The decision came after SCDOT’S Secretary of Transportation Christy Hall sent the mayor and council members a letter about public parking restrictions.
In that letter, Hall said they plan on revoking the city’s beach parking plan which restricts parking access to a lot of people who don’t live on the island.
“I am of the opinion that the 2015 plan has improperly designated a significant number of state-owned highway right of ways as ‘resident only parking’ potentially denying non-residents their constitutional guaranty of equality and privilege,” Hall said in the letter.
City council met on Tuesday for executive session to discuss the issue with legal staff as well as to get advice on a state bill that restricts cities from changing parking rules on state highways without approval from the state transportation department.
If the plan is revoked, that could allow nonresidents to park in more areas across the island.
Michael Barnett, an advocate for free beach parking and unrestricted beach access, said the decision is a huge step in the right direction.
“The constitution in the state of South Carolina protects the beach, it protects the use of the beach by all of the citizens in this state” Barnett said. “It’s a unique protection that a lot of states don’t have, and we have to protect that.”
He is one of many people who have called on beach islands to ease their parking restrictions.
The Charleston Beach Foundation, a group that filed a lawsuit against the city of Isle of Palms over temporary parking restrictions, issued a statement saying they are “thrilled and appreciative of the efforts of SCDOT to take corrective action regarding non-resident parking on the Isle of Palms.”
During Tuesday’s meeting, Mayor Jimmy Carroll said the city has spent approximately $1.6 million dollars to manage beach parking in accordance with their beach plan.
SCDOT’s request, as stated in the letter, would also include restoring angled parking along the land-side of Palm Boulevard between 22nd and 40th Avenue.
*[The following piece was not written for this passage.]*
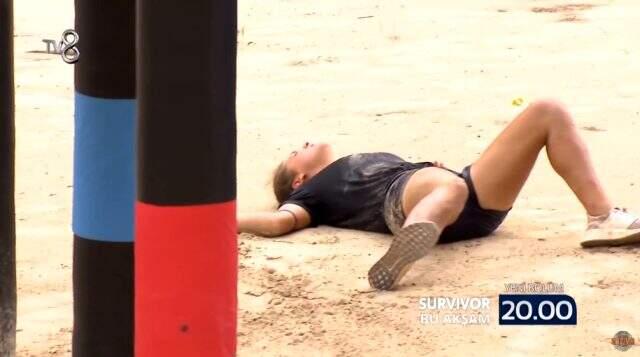 Survivor'da Elif ve Nisa dokunulmazlık oyununda sakatlandı Survivor'da Elif ve Nisa dokunulmazlık oyununda sakatlandı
There could also be an opportunity to restore public parking along the first block of the avenues that intersect Palm Boulevard.
Hall said she is willing to work with the city and reach a compromise in aspects of the plan.
“It is my sincere desire to work towards a resolution for the public parking issues on the Isle of Palms in order to strike the right balance for the community and Charleston region,” Hall said. “I look forwarding to continuing dialogue with the City and am hopeful that a compromise can be reached that accomplishes the goal.”